Implementation of the paper in headpose estimation(https://arxiv.org/abs/1812.00739) on the BIWI kinect headpose data(https://data.vision.ee.ethz.ch/cvl/gfanelli/head_pose/head_forest.html#db).
Python 3.7.3
Keras with tensorflow as Backend
Openpose(https://github.com/CMU-Perceptual-Computing-Lab/openpose)
Dlib
The paper is based on the hypothesis of learning a model for head pose estimation which relies only on five facial keypoint locations and abstracts out the dependency on appearance of the subject. A CNN-based framework which uses the probability distribution of keypoint locations in the form of heatmap images, as input to regress the head pose.

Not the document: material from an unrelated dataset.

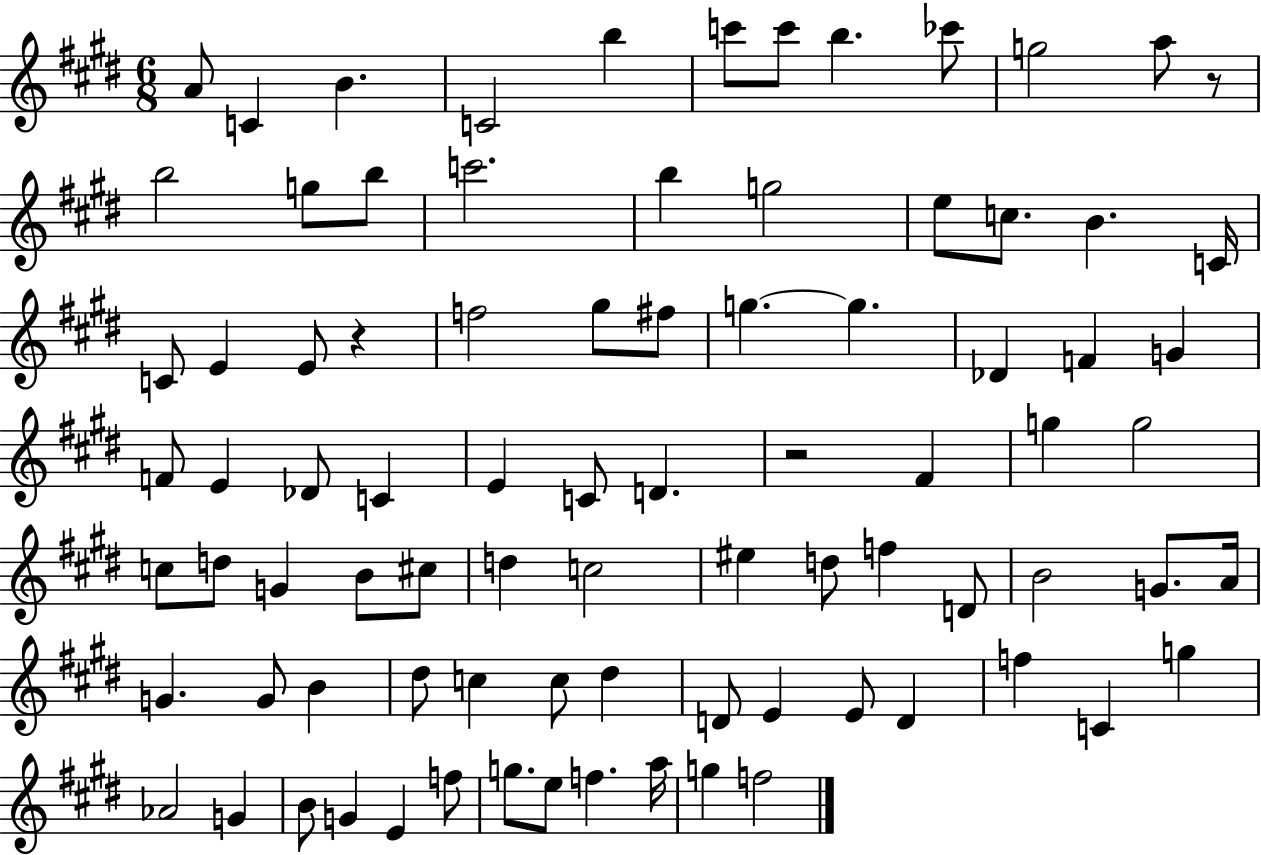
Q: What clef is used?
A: treble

The given images in the BIWI dataset has a wide perspective and hence it is important to get the face crops which is done using Dlib's convolutional face detector.
Original Image -
Cropped Image-
Facial Heatmaps are extracted from the cropped image using openpose
These Five heatmaps are stacked together and passed into the CNN for regression
The Model-
inpu = Input(shape = (96,96,5))
x = Conv2D(50, (5, 5), activation=None, padding='valid')(inpu)
#x = BatchNormalization()(x)
x = Activation('relu')(x)
x = MaxPooling2D(pool_size=(2, 2), strides=(2, 2))(x)
x = Dropout(0.2)(x)
x = Conv2D(50, (5, 5), activation=None, padding='valid')(x)
#x = BatchNormalization()(x)
x = Activation('relu')(x)
x = MaxPooling2D(pool_size=(2, 2), strides=(2, 2))(x)
x = Dropout(0.2)(x)
x = Conv2D(150, (5, 5), activation=None, padding='valid')(x)
#x = BatchNormalization()(x)
x = Activation('relu')(x)
x = MaxPooling2D(pool_size=(2, 2), strides=(2, 2))(x)
x = Dropout(0.3)(x)
x = Flatten()(x)
x = Dense(300, activation='tanh')(x)
x = Dropout(0.3)(x)
x = Dense(300, activation='tanh')(x)
x = Dropout(0.3)(x)
pred = Dense(3,activation='tanh')(x)
model = Model(inputs = inpu,outputs = pred)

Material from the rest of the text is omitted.